The deteriorating trade picture will be a major obstacle to the recovery of the European economy...



The eurozone economy in 2025 could see growth lower than recently expected, and this revised outlook is still optimistic if exporting businesses in the region have to face higher tariffs in the U.S. market - according to new forecasts from the European Union (EU).

The forecast suggests that the economy of the 20 countries using the euro will only achieve a growth of 1.3% next year, lower than the previous forecast of 1.4%. The European Commission's (EC) autumn economic report, the EU's executive body, also noted that the eurozone will achieve a GDP growth rate of 0.8% this year, unchanged from the previous forecast.



All major economies in the eurozone are expected to maintain stable growth rates in 2025, even though France is facing many political and fiscal challenges, while Germany's economy may decline this year. Spain is forecasted to outperform, with growth potentially reaching 3% this year and 2.3% in 2025.

However, the worsening trade picture will be a major obstacle to the recovery of the European economy - according to the EC. The protectionist trend of the U.S. during President Donald Trump's second term will be 'extremely harmful' to the economies on both sides of the Atlantic, EU Economic Commissioner Paolo Gentiloni stated on Friday. He said Brussels will work with the new government in Washington, but is also ready to defend itself in any trade war.



Extreme weather due to climate change is also a threat to the European economy - according to the EC. The agency referred to the severe flooding that resulted in hundreds of deaths in coastal areas of Spain recently. 'Damage to infrastructure in the affected areas also leads to broader impacts on production networks beyond borders. Additionally, disruptions to economic activities could increase inflationary pressures, especially food prices,' the report stated.

In recent years, inflation has been a major concern for European policymakers. The EC forecasts that the average inflation rate of the eurozone will be 2.4% in 2024 and 2.1% in 2025, compared to previous forecasts of 2.5% and 2.1% respectively. These forecast figures are close to the 2% inflation target set by the European Central Bank (ECB), but have not yet truly achieved that target.

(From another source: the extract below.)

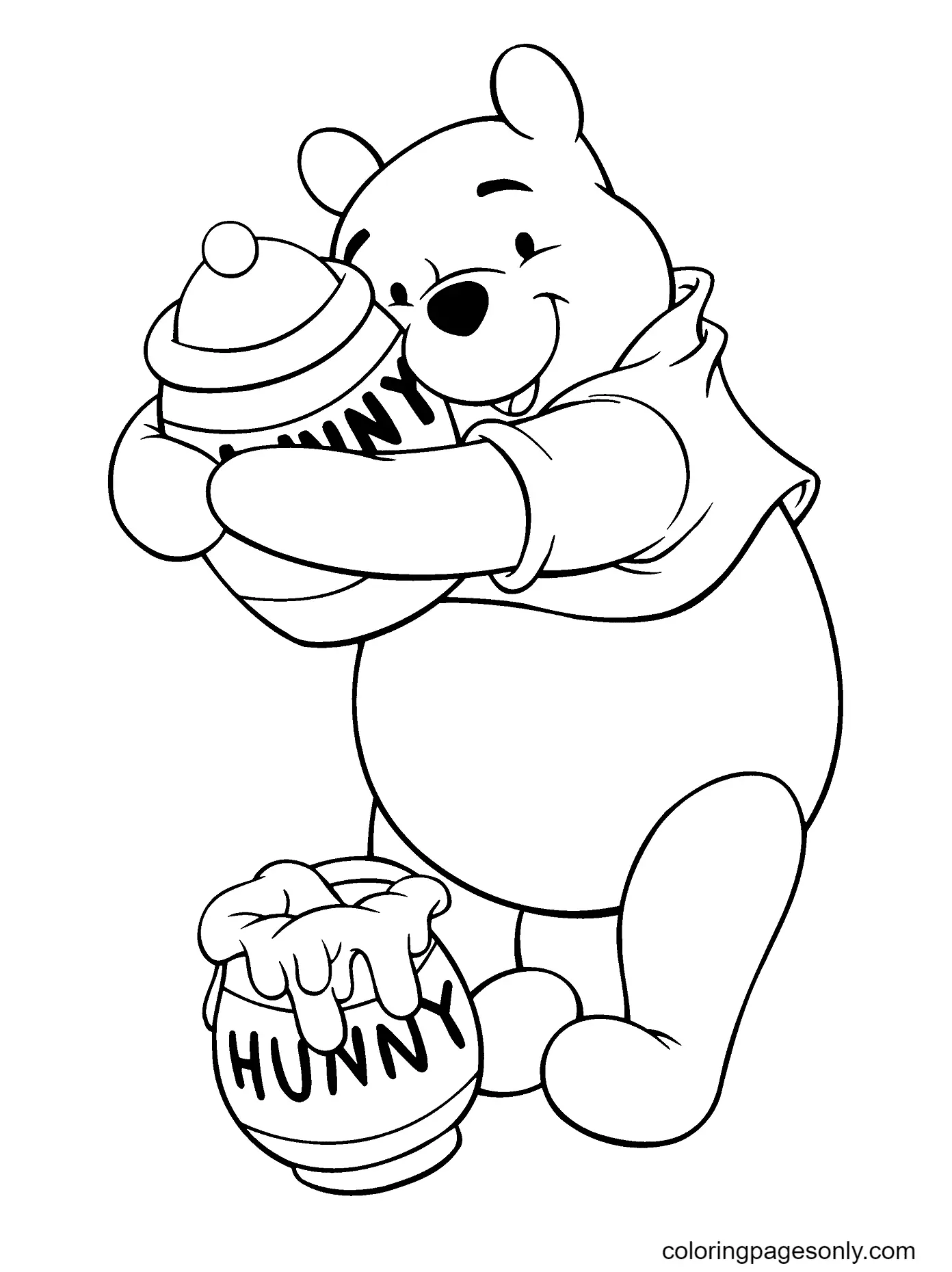 Winnie The Pooh Coloring Pages 12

Lower economic growth means lower budget revenue, causing additional stress on the budgets of EU member states. The EC stated that high budget deficits and increased public debt interest will cause the ratio of public debt to GDP to continue to rise.

The EC warns that the new French government faces a tough battle to reduce the budget deficit, which is currently much higher than the limits set by the EU. The EC predicts that France's budget deficit will decrease to 5.3% of GDP next year from 6.4% this year, but may slightly rise again in 2026 when some temporary tax measures expire. The EC also forecasts that France's government debt will increase significantly in the coming years.



The bleak outlook for growth and inflation could pave the way for the ECB to continue lowering interest rates, although at a gradual pace. This is the first economic forecast from the EC since May, and currently, the ECB has begun a cycle of rate cuts, reducing the deposit rate from 4% to 3.25% - the rate that had been maintained since September last year until the first cut in July this year. The ECB has signaled that it will continue to cut rates to alleviate some burdens on investment and other economic activities.


The President of the German Central Bank (Bundesbank) Joachim Nagel warned last week that if implemented, Trump's tariff plan could cause Germany to lose about 1% of GDP. The effects of these tariffs could be particularly felt across the entire industrial sector of the euro area, with smaller suppliers likely to suffer the most.

According to forecasts from insurance company Allianz, Germany's export volume worth nearly 25 billion euros will be at risk in the event of a full-scale trade war between the U.S. and Europe next year. Additionally, exports from France and Italy will also be heavily affected.

However, economists are still divided on the potential impacts of the tariff plan proposed by Trump. Some even argue that a stronger USD could overshadow the negative impacts of tariffs, thereby boosting U.S. demand for European goods.